Source data
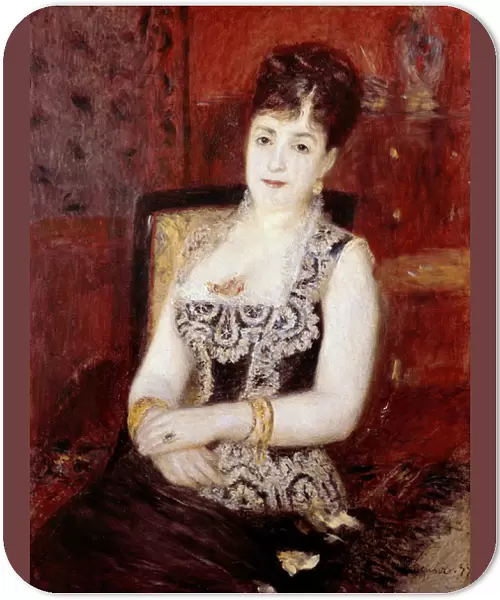 Portrait of the Countess of Pourtales. Painting by Pierre Auguste Renoir (Pierre-Auguste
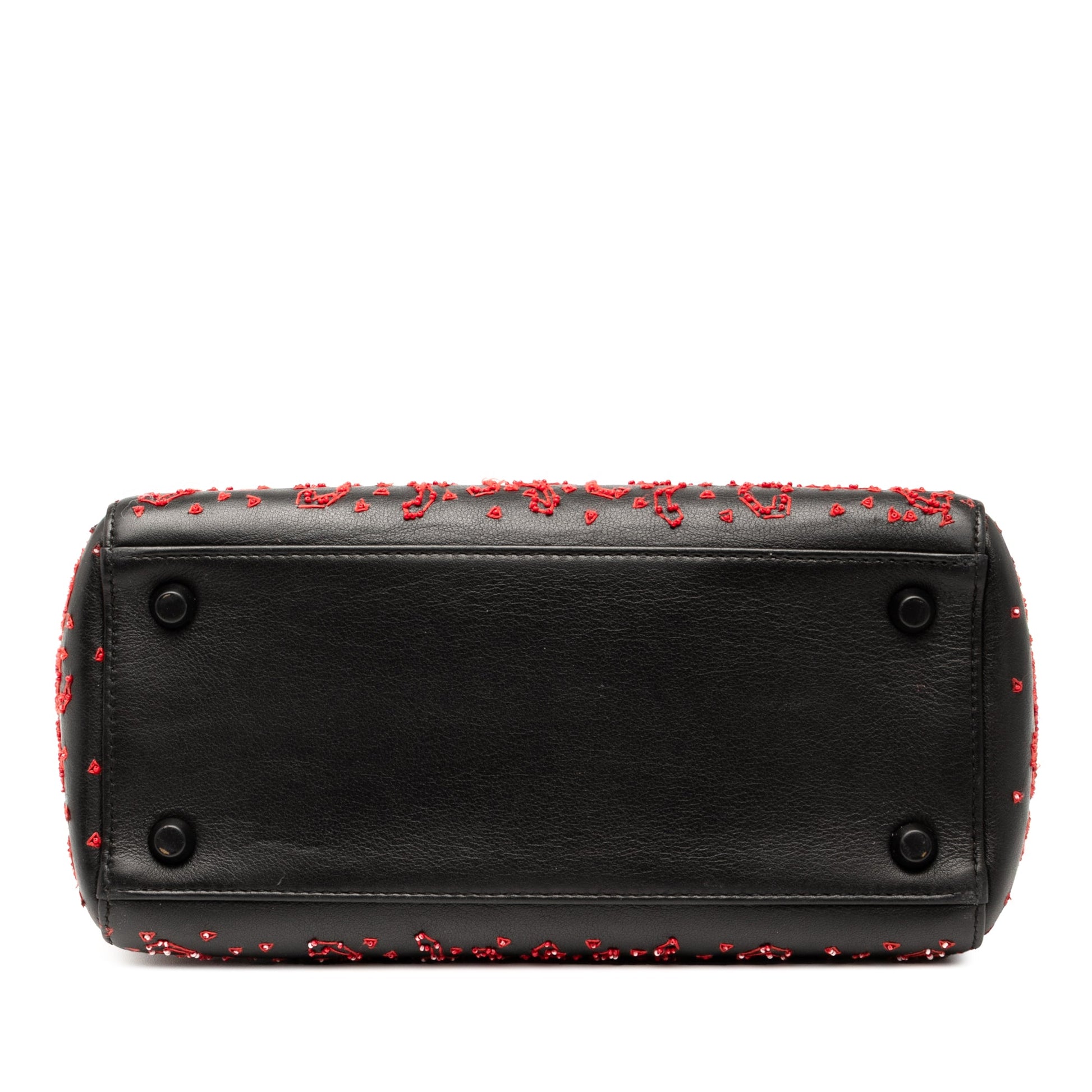 Dior Medium Smooth Calfskin Embroidered Heart Playing Cards Lady Dior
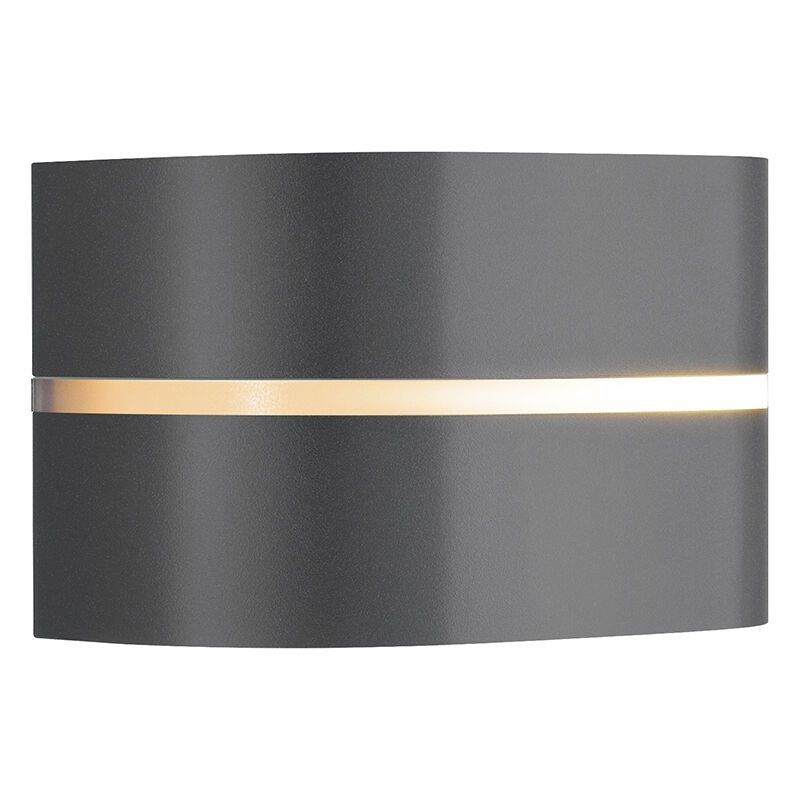 Luminaire extérieur en aluminium anthracite, Sibelis, IP44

Your instructions
Ignore the images and quote every line of the listing exactly.

Result of this exercise
 Portrait of the Countess of Pourtales. Painting by Pierre Auguste Renoir (Pierre-Auguste
 Dior Medium Smooth Calfskin Embroidered Heart Playing Cards Lady Dior
 Luminaire extérieur en aluminium anthracite, Sibelis, IP44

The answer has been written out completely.